The vulnerability affects versions from 1.5 to 1.9. The issue has been fixed with the release of Apache Commons Text 1.10.0, which disables problematic interpolators by default.
Microsoft has a giant leak
On October 19, Microsoft notified its customers that some of their data may have been exposed. At the same time, the company did not provide more detailed information, including the number of affected customers. The leak became possible due to an incorrectly configured server with user information, due to which anyone could get access to it via the Internet.
SOCRadar presented its own report on this incident, whose specialists identified a problem with the Microsoft server on September 24th. According to experts, the leak affected about 65,000 Microsoft corporate clients from 111 countries. The hacked archive included 335,000 emails and 133,000 projects. Among other things, this data contained product orders and offers, project details, sales strategies, and data and documents that could compromise intellectual property.
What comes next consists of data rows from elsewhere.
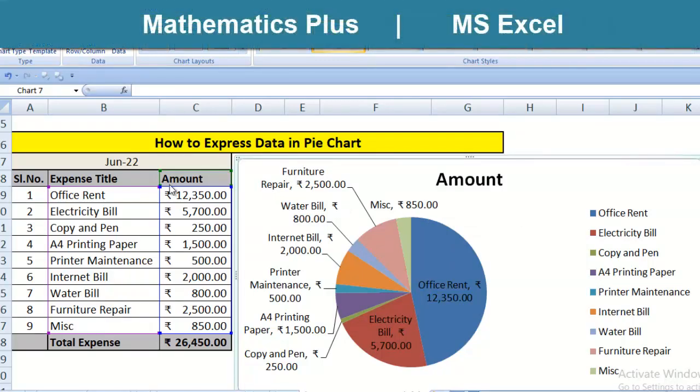Hello friends, many times we come across to show a particular data or data set in a graphical form. There are various graphical forms and one of them is pie chart.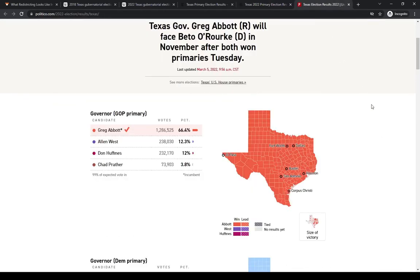The next primaries are not until early May, so this is it for a little while. But that's what we're looking at so far. Thanks for watching.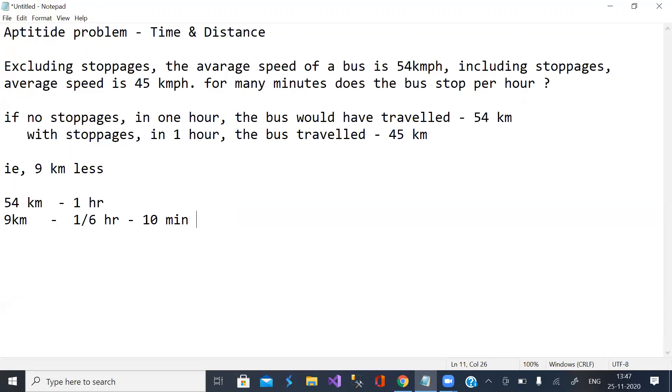10 minutes is lost because of stoppages. That's it. Simple, trickish, isn't it? Thanks for watching. Good morning.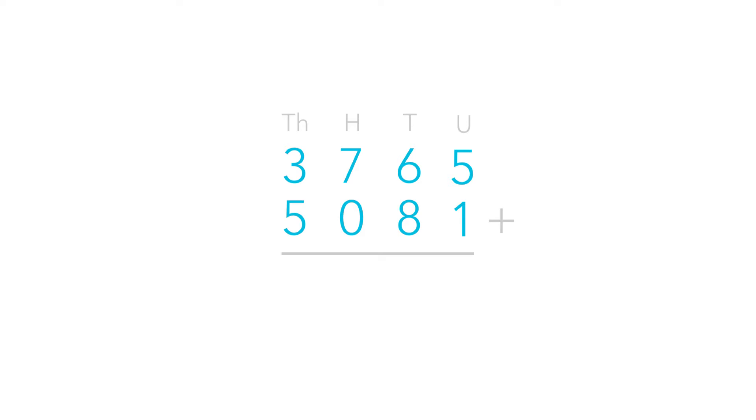Once we've listed these numbers we can start adding. Always remember to start from the smallest part of the number, the units. So 5 plus 1 equals 6. The number 6 is still a unit so we can fit that into the units column like this.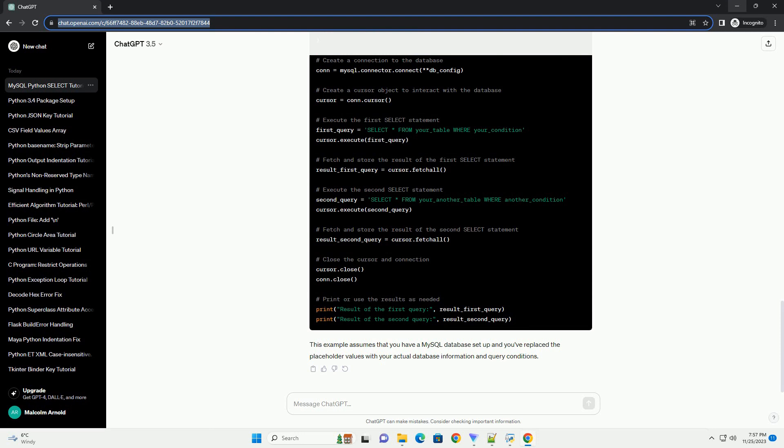Putting it all together. This example assumes that you have a MySQL database setup and you've replaced the placeholder values with your actual database information and query conditions.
Hackers attacked Microsoft, stealing 2.4 terabytes of sensitive data, 335+ thousand emails, 133 thousand projects and 548 thousand users.
BidenCash hacker platform gives away data of 1.2 million credit cards for free
BidenCash, a specialized hacking site, has released a massive dump of 1,221,551 credit card data to promote its cybercriminal store. In fact, any user can now download them for free to commit financial fraud.
BidenCash is a dark web marketplace for stolen cards launched in June 2022. Previously, its operators have already released several thousand stolen bank card data to the public, but now they have decided to promote the site with a much larger dump.
Cybercriminals have announced a credit card dump on new URLs launched by BidenCash late last month in response to DDoS attacks, so this could be a way to promote new store domains. To ensure the widest possible reach, hackers distribute their collection through the clearnet domain and other hacking and carding forums. The freely redistributable file contains a mix of "fresh" cards valid between 2023 and 2026 from around the world. But most of the credit cards belong to American citizens. A data dump of 1.2 million credit cards includes the following personal information associated with them:
- Card number;
- CVV number;
- Owner's name;
- Name of the bank;
- card type, status and class;
- owner's address, state (region) and zip code;
- E-mail address;
- phone number.
This credit card data mostly comes from web skimmers, which are malicious scripts injected into the checkout pages of hacked e-commerce sites that steal submitted bank card and customer information.
Critical vulnerabilities in FortiOS and FortiProxy
Fortinet has alerted its customers to a critical vulnerability affecting FortiGate firewalls and FortiProxy Web Proxy that could potentially allow an attacker to perform unauthorized actions on vulnerable devices.
Critical RCE authentication bypass vulnerability CVE-2022-40684 (CVSS score: 9.6) could allow an unauthorized attacker to perform arbitrary operations on the administrative interface using a specially crafted HTTP(S) request.
This issue affects the following versions:
- FortiOS - from 7.0.0 to 7.0.6 and from 7.2.0 to 7.2.1;
- FortiProxy - from 7.0.0 to 7.0.6 and 7.2.0.
The bug has been fixed in FortiOS 7.0.7 and 7.2.2 and in FortiProxy 7.0.7 and 7.2.1 released last week. Fortinet has urged all customers with affected versions to upgrade immediately.
As a temporary security measure, the company recommends that users disable HTTPS administration (HTTPS Administration) until updates are installed. Alternatively, you can restrict access to the FortiGate admin interface using the Local-In firewall policy instead.